As sad as it may be, I have found this story quite typical amongst the Army community. All of my Army wife friends have gone through this to some degree and have each divorced (of which I didn't support when they sought my advise). A couple of them regret their decisions to divorce.

I feel like the Army doesn't strongly promote marriage like the other branches and many of the wives feel detached. Whereas in the AF you will find many of wives who are VERY involved with their husbands career and the branch. There is an emphasis on maintaining a strong home front for the sake of morale at home which carries over into the workplace. As an AF wive I have been encouraged to get more involved with the AF community, the benefits, my husbands unit, their spouses, etc. But I haven't witness this within the Army community. The Navy? Yes. The Marines? Yes. But not the Army.
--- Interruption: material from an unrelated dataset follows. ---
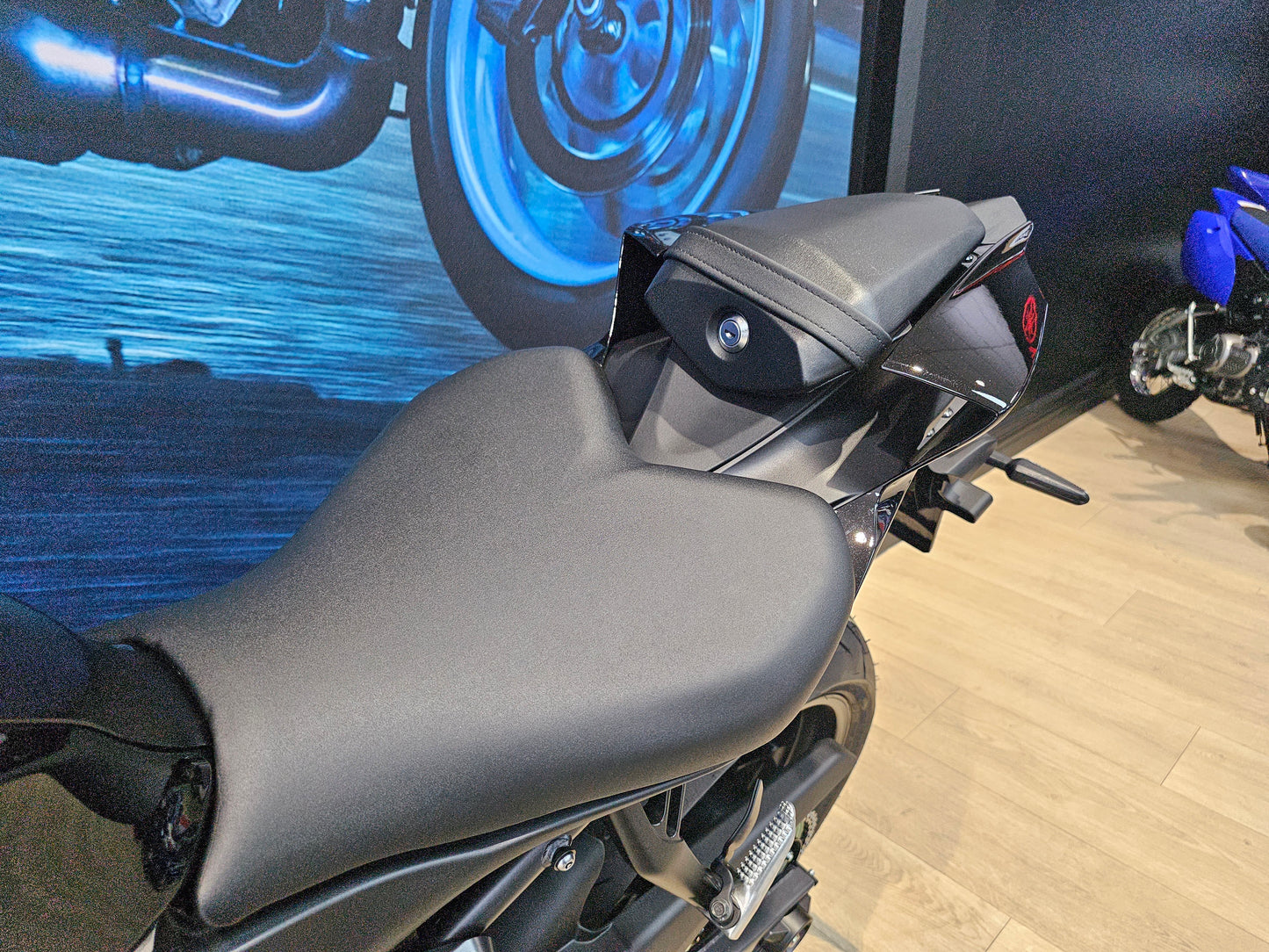 2025 Yamaha YZF-R7 LA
OP you should be with your husband and you should have been with him during basic....my husband is retraining at tech school and I see plenty of basic training spouses in the area from all branches.
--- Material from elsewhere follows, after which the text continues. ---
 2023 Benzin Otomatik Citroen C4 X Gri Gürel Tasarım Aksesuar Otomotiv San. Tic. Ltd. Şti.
If you're in a shelter you need to contact the Family Readiness Center and go through his chain of command to demand the support you are entitled to.

And if anything you need to have your own password (he can set up) to the mypay site where you can see his pay, entitlements, etc.

You should have a recall roster and his first shirts contact information.

You need to have the name and phone number of a spouse of another solider in his unit.

If you need help with anything or just need to talk, feel free to PM me and I can give you my phone number.

Regardless of the difference in branches we are a military spouse community who supports each other. I am very aware of the Army community as well and have contacts I can reach back and get answers for you.

Hugs.

But I think this can work.
 
Oh and it don't take that long for finance to update getting BAH. If they are it is because finance and mpf aren't doing what they are supposed to do. i.e enter the information in the system. There is a cutoff for them to do it. To get in on the next paycheck they have to have the paperwork and computer system updated I think 5 days out. If they do it less than 5 days before you are to get paid then you have to wait till the next pay period.

I have NEVER (knock on wood) had a pay problem that lasted more than one or two paychecks. The people that do have problems aren't keeping up with their pay and making sure things get done.


True but everyone knows that if you want your pay to be screwed up, just get married.

My husband was a SrA when we got married...he was only bringing in $350ish a month and still in the dorms.

After we got married, for six months his 1st and 15th checks were $25. No lie. I could have divorced him, but I knew it wasn't his fault. Thankfully, I had a job in place when I moved to his side of town, so we lived off my income. But I will tell you that it took about 2 years before I could even consider my husband a PROVIDER in terms of who brings home the bacon.
 
True but everyone knows that if you want your pay to be screwed up, just get married.

My husband was a SrA when we got married...he was only bringing in $350ish a month and still in the dorms.

After we got married, for six months his 1st and 15th checks were $25. No lie. I could have divorced him, but I knew it wasn't his fault. Thankfully, I had a job in place when I moved to his side of town, so we lived off my income. But I will tell you that it took about 2 years before I could even consider my husband a PROVIDER in terms of who brings home the bacon.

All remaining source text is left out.